Plots are pivotal to most deer management plans and they are becoming a more valuable part of hunting strategy, as well. • But, simply scratching the earth and throwing out a little seed isn’t going to produce fat deer, more fawns or bigger racks. • Nor will just any planting automatically pull deer to your stands like moths to a flame.
Ideally, you will be able to plant a variety of foods that deer prefer at different times of the year so that there is always something attractive on their plate. • In a perfect world, each spring will provide a leftover bounty of high-carbohydrate grain and an early green-up of winter wheat or rye.
As spring advances the deer will quickly shift to your high protein clover plots.

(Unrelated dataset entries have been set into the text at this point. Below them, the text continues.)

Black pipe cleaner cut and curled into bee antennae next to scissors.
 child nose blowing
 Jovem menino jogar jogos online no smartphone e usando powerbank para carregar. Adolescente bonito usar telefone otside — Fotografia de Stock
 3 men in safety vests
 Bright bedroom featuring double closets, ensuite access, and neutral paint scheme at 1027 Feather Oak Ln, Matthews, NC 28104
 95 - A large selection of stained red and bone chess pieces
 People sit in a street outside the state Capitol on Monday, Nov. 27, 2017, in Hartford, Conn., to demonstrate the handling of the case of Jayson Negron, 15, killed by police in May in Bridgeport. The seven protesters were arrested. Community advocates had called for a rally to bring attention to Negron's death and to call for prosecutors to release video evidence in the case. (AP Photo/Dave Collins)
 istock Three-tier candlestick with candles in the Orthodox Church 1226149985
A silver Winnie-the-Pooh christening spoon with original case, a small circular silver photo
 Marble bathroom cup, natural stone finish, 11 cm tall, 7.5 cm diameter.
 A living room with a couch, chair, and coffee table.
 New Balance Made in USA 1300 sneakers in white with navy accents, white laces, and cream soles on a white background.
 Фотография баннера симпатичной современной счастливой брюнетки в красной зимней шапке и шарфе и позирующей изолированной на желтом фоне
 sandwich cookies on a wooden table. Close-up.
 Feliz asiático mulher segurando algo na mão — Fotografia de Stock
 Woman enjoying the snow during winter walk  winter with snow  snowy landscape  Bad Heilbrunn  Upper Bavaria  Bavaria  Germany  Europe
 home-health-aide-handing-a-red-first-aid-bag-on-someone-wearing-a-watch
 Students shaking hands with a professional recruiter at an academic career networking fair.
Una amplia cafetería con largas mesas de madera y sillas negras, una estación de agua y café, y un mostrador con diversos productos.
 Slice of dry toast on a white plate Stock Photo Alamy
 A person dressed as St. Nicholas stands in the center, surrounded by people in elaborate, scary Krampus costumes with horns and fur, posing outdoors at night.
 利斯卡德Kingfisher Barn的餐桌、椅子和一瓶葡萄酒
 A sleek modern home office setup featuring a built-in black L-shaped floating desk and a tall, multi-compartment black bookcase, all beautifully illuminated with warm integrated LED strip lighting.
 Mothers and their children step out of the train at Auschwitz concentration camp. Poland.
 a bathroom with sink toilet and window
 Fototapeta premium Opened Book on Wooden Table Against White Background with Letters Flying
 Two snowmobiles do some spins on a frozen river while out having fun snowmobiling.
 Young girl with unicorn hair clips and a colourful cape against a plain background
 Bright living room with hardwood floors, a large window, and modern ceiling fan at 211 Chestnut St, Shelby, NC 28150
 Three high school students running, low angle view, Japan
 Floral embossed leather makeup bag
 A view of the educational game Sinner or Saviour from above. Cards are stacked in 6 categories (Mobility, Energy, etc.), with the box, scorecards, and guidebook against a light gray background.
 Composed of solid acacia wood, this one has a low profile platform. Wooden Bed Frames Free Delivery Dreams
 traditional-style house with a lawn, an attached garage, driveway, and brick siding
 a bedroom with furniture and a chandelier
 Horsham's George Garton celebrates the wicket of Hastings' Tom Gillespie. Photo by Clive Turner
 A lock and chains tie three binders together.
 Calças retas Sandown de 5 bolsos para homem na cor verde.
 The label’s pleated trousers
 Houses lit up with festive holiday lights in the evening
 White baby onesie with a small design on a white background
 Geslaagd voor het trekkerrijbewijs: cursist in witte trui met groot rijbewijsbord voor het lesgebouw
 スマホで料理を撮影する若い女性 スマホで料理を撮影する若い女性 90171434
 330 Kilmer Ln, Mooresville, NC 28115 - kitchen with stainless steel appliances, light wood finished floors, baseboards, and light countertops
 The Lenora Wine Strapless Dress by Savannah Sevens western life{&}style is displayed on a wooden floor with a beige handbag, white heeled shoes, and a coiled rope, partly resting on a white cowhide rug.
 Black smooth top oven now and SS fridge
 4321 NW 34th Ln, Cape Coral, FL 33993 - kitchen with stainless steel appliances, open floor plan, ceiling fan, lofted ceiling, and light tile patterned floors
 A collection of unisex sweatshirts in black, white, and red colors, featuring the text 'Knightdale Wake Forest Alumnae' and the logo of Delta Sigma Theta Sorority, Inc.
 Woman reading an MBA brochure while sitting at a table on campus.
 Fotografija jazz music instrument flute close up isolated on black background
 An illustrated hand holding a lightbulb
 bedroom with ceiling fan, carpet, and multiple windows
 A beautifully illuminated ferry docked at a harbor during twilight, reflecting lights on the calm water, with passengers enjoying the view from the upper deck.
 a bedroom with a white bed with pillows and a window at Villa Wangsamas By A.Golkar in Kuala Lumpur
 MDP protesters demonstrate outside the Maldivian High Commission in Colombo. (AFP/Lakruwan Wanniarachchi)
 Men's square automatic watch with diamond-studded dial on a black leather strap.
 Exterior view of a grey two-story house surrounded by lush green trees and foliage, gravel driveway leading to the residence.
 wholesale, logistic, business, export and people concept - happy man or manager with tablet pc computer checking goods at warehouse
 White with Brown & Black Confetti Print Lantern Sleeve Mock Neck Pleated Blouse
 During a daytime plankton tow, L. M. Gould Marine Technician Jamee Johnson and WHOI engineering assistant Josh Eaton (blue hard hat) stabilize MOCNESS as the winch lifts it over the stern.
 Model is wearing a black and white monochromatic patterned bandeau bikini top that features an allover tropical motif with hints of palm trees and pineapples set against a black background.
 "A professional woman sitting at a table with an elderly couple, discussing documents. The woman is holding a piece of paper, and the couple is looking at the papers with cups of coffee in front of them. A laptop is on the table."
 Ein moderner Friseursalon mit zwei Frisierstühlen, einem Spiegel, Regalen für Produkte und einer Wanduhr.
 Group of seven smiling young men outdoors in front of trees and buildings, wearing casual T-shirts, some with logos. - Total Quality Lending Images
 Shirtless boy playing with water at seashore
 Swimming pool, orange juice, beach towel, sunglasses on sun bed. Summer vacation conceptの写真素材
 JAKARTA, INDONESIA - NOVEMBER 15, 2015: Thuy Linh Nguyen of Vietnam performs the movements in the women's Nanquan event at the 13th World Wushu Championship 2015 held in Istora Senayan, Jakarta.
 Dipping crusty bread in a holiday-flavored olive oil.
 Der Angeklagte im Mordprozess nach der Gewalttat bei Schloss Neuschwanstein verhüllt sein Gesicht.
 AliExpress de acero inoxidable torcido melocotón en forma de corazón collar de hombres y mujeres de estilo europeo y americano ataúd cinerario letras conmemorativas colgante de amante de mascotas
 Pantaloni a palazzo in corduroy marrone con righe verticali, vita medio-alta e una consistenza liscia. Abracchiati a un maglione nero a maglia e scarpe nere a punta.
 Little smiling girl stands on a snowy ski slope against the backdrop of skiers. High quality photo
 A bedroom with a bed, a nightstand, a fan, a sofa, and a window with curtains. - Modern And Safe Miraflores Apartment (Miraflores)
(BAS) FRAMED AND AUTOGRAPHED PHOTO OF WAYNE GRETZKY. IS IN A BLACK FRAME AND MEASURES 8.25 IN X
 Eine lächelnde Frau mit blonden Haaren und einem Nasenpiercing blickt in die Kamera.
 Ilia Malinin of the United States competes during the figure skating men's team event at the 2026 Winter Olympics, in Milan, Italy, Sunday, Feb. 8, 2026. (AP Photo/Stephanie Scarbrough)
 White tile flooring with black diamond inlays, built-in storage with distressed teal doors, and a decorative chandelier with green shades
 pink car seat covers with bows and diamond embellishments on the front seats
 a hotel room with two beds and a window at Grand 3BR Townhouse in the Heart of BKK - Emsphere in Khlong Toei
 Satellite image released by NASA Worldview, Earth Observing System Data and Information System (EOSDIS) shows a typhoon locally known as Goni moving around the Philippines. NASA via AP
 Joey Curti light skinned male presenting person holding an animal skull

During the heat of summer they will be hammering your soybeans and alfalfa.
In early fall sorghum seed heads will be the tastiest thing around, as deer shift out of the beans and into the grains.
Then, in late fall and winter they’ll flock to the high carbohydrate content of your corn plots to fuel their furnaces.
The smorgasbord approach requires a lot from the deer manager. • There is the need for good tillable land, and lots of it. • Without adequate acreage the deer will wipe out each seasonal planting before it even has chance to produce benefits.
Just because you have the open ground available to plant the perfect food for every season, that doesn’t mean you have the budget or the manpower to pull it off.
High quality food plots aren’t cheap and there is plenty of hard work involved. • While this is definitely a labor of love and a good way to get away from your day job (unless you’re a farmer) it still takes time.